_Available data_
*** Block opens ***
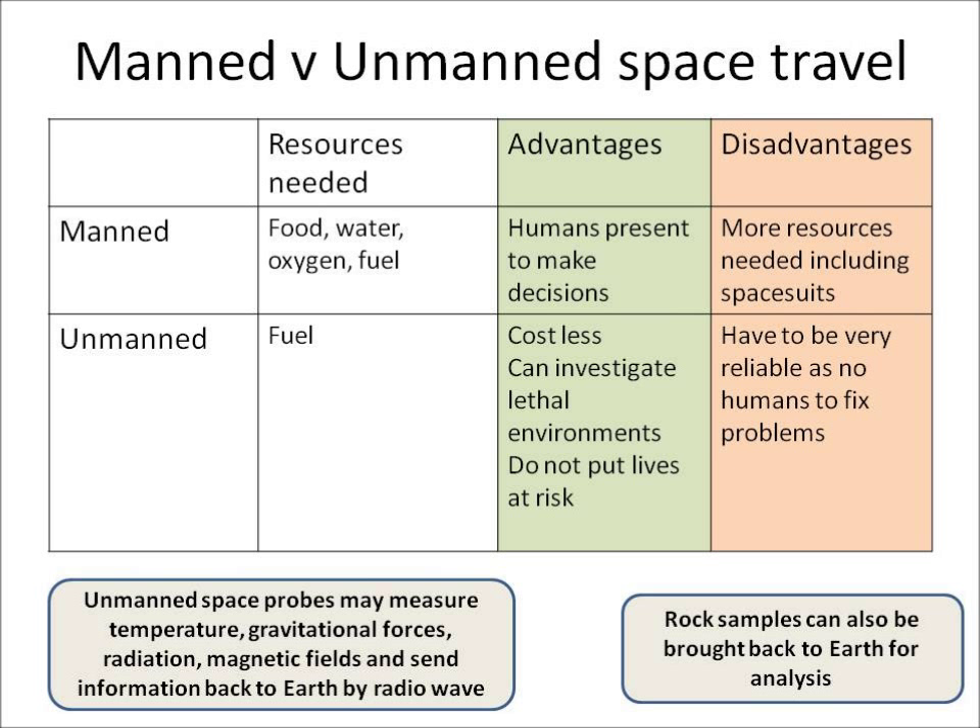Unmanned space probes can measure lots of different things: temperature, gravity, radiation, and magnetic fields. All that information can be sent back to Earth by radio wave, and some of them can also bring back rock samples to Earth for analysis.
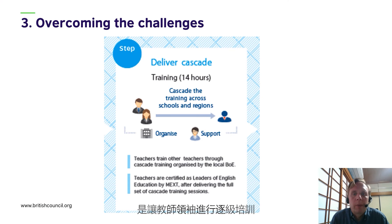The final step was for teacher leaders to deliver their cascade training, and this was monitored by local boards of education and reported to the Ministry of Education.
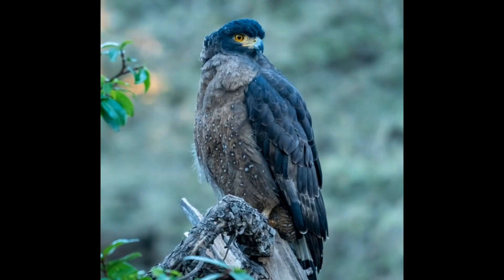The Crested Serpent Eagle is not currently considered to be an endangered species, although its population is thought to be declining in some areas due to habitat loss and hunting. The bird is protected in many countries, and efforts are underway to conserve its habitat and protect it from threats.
*** Block closes ***
*** Block opens ***
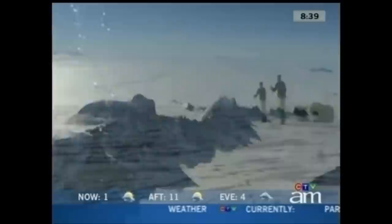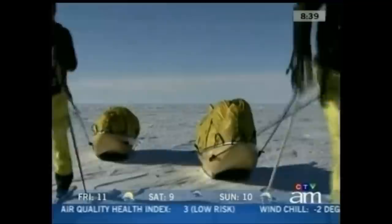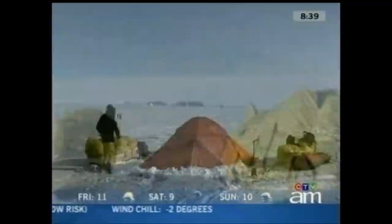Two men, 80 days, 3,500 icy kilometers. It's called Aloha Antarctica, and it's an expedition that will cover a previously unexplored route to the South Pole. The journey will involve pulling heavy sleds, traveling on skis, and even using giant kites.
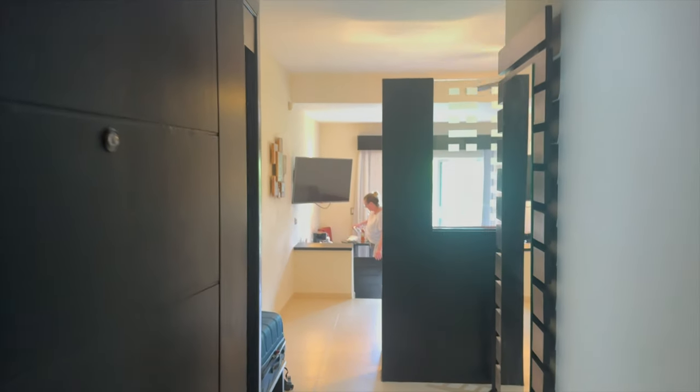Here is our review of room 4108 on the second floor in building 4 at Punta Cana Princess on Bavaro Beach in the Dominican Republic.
*** Block closes ***
_Exercise brief_
Restate the lines above from the one containing "Unmanned space probes" through the one containing "The Crested Serpent", inclusive, exactly and without pictures.

_Exercise answer_
Unmanned space probes can measure lots of different things: temperature, gravity, radiation, and magnetic fields. All that information can be sent back to Earth by radio wave, and some of them can also bring back rock samples to Earth for analysis.
The final step was for teacher leaders to deliver their cascade training, and this was monitored by local boards of education and reported to the Ministry of Education.
The Crested Serpent Eagle is not currently considered to be an endangered species, although its population is thought to be declining in some areas due to habitat loss and hunting. The bird is protected in many countries, and efforts are underway to conserve its habitat and protect it from threats.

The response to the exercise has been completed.